ACCESO DESIGUAL A LA SEGURIDAD
La expansión de la seguridad privada y su simbiosis con el sector público resulta particularmente problemática en una sociedad con altos niveles de desigualdad pues instala la pregunta de cómo gestionan su seguridad los sujetos que no pueden pagar por ella. Falta investigación para dar una respuesta completa a ese asunto: como se dijo, salvo por el caso de la investigación de Luneke y Varela (2020), casi no hay evaluación de los programas de seguridad que impulsa el Estado. Sin embargo, la evidencia de ese estudio es que las iniciativas se enfocan en el control social informal de las comunidades.
Si esto es así, no resulta extraño que en el contexto de un modelo que llama a participar de la gestión de la seguridad, quienes no puedan pagar por servicios privados recurran a modalidades de autoprotección que implican el uso del propio cuerpo, como los linchamientos.

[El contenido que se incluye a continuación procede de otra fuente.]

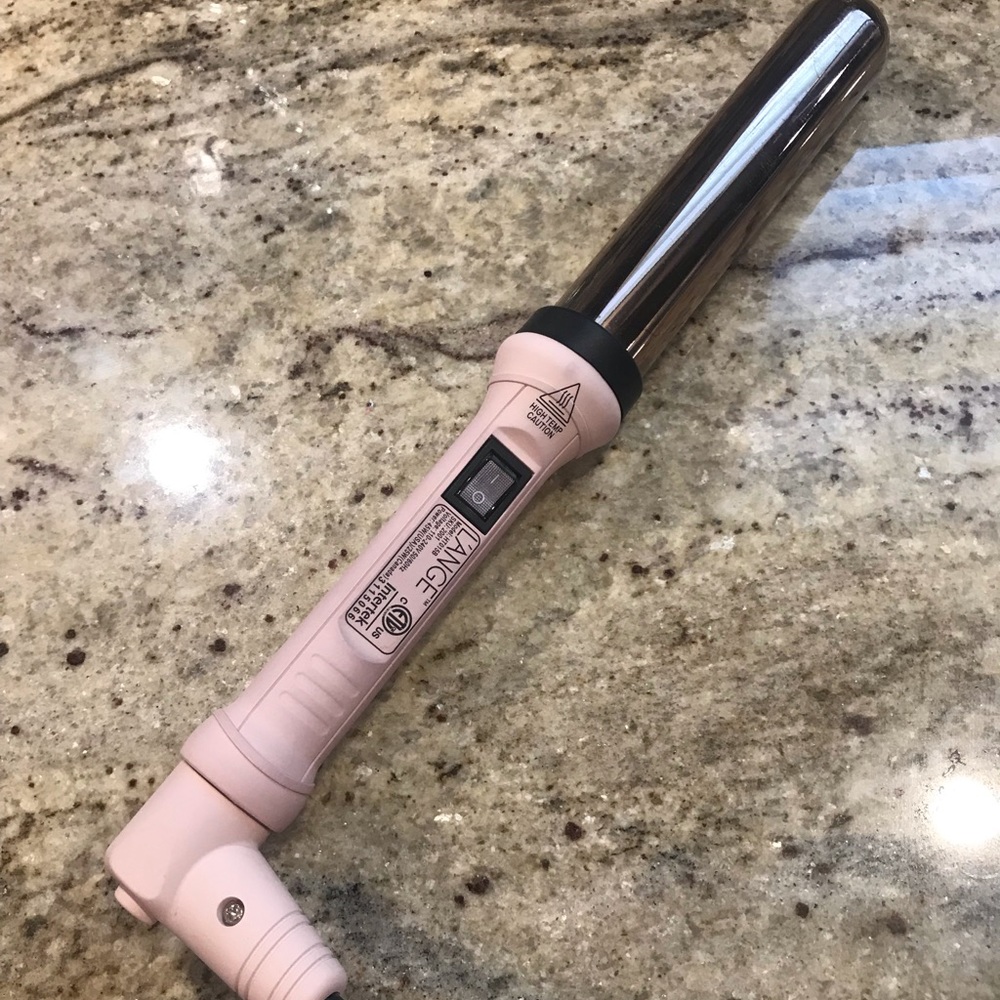 Used L’ange Ondule Titanium Curling Wand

La adopción de estos modelos por parte del Estado no ha considerado factores como las inercias represivas presentes en las policías y en algunos sectores sociales, las que se pueden rastrear históricamente (Nugent, 2010).
Todo lo anterior – importación de modelos de seguridad ciudadana que decantan en acciones orientadas al control social informal de las comunidades, sumado al avance de la participación privada en la seguridad y a los altos niveles de desigualdad en nuestro país- permite afirmar que existe un escenario propicio para la emergencia de acciones de carácter vigilantista como los linchamientos. En efecto, contamos con investigaciones que permiten afirmar la emergencia de una cierta regularidad de estas prácticas (Quiroz, 2019), cierta naturalización respecto de las mismas entre los operadores jurídicos (Quiroz, 2022) y niveles relevantes de justificación entre las personas (COES, 2017).
Gráfico 3

Fuente: “Conflicto Social, los motivos de la justificación de la violencia en Chile” (2017).
RIESGOS DE LA SEGURIDAD CIUDADANA
Los datos presentados hasta aquí nos deben conminar a reflexionar sobre el papel del Estado en la producción y reproducción de las distintas violencias asociadas a la seguridad. Asumir estos modelos de manera acrítica, nos deja ciegos frente a los riesgos que engendra y sus derivas en sociedades complejas y altamente desiguales, donde la privatización de la seguridad incide de manera diferenciada en la población. ¿En qué reside la ciudadanía cuando predominan formas de vinculación individualista? ¿Si participamos en la gestión de la seguridad como individuos con intereses particulares, qué tipo de seguridad estamos produciendo? Y ¿qué efectos han tenido para articular a la ciudadanía, políticas de seguridad que en su definición tienen la voluntad de corresponsabilizar a las personas de la producción de seguridad?
Una política de seguridad ciudadana que pone el acento en la coproducción de seguridad introyecta la sensación de riesgos. Si la finalidad del Estado es administrar la legitimidad del poder, responsabilizar a los ciudadanos de su seguridad tiene una serie de riesgos, sobre todo en contextos de desigualdad en los medios de producción para proveer seguridad.
En este sentido, nuestra reflexión busca identificar los límites de la provisión autogestionada de la seguridad, sobre todo porque la experiencia del territorio, de la ciudad y de violencia son diferentes. De ahí que el paradigma de seguridad ciudadana no necesariamente se transforme en un bien público, como es el objetivo de las Naciones Unidas (PNUD, 2014) sino que sigue recreando condiciones de desigualdad en los territorios.